And then there’s the beer.

Without a quality product, and without consistency, not only does it jeopardize personal success, it puts the rest of the industry at risk. It’s a point Steve Kaczeus from Bootstrap takes seriously.

Steve: “The last two, three years at the Craft Brewers Conference, that’s one of the first thing the guys at the Brewers Association—“

Leslie: “Paul [Gatz, the director of the Brewers Association] stands up at his keynote and says: ‘Get out.’”

Steve: “‘—All these guys, who’ve been in the business for 20, 30 years, they got us to this point.
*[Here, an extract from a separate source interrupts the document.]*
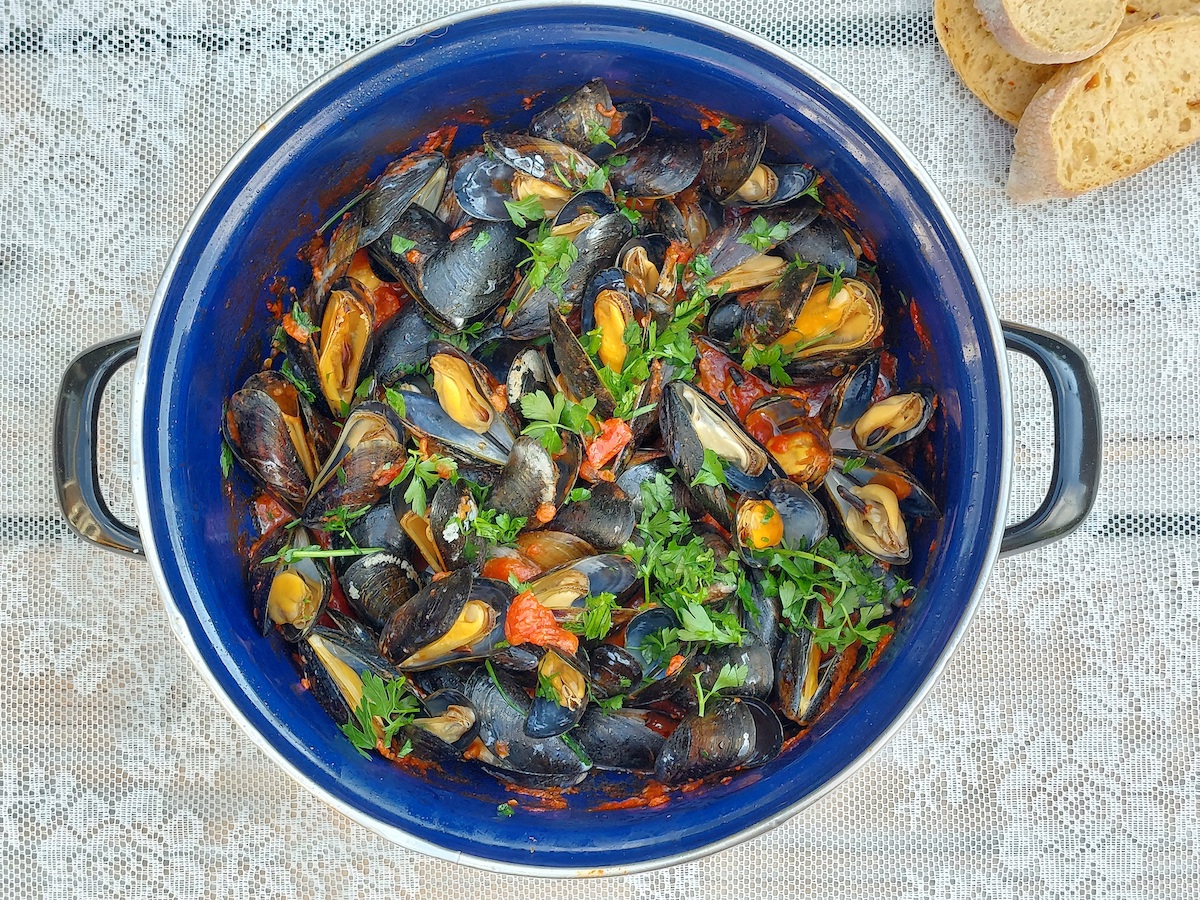 Pugliese style mussels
All you new guys coming in behind: Don’t fuck it up.’”

•  •  •  •

Longmont’s brewers are heeding Gatz’s charge. And they are doing it by following their bliss and incorporating their passions into every beer.

Taylor Wise of Großen Bart Brewery. Photo by Susan France.

Großen Bart Brewery (pronounced “grossen”) opened Nov. 1, 2014, with a 10-barrel system in a cozy but spacious facility on Delaware Avenue behind the Safeway on Ken Pratt Boulevard.

Grossen is German for “big beard,” and owner Taylor Wise sports one alongside a tap list with facial hair-named beers, from Chin Strap IPA to Fu Manchu Foreign Stout to HandBarley Wine.

Out east, Collision Brewing Company is a family-run brewpub restaurant with an automotive theme. One of their beers, aptly named Blinker Fluid, is a Kölsch made with butterfly tea and Blue Juniper berries. In the wrong light, it looks like neon blue mud. In the right light, it pops with cyan, chartreuse, even lavender.

“We like doing some odd beers here,” owner Eric Blythe says.

Eric runs the front of the house while brother Jason brews in the back. They’re currently running a seven-barrel system, but have plenty of room to grow into a 30-barrel system.

Jason and Eric Blythe of Collision Brewing Company. Photo by Michael J. Casey

In a way, Collision is reminiscent of the brewpubs of the late-’90s, early-2000s. The majority of the 10,000-square-foot operation is reserved for dining — their menu is extensive and quite tasty. Beer is a draw, but not the draw. Similar to how Engelhorn goaded Katechis into brewing his own beer, it just makes sense that the Blythes brew their own as well.

Head even farther east, and you’ll find Longmont’s newest brewery, Outworld Brewing, located at 1725 Vista View Drive.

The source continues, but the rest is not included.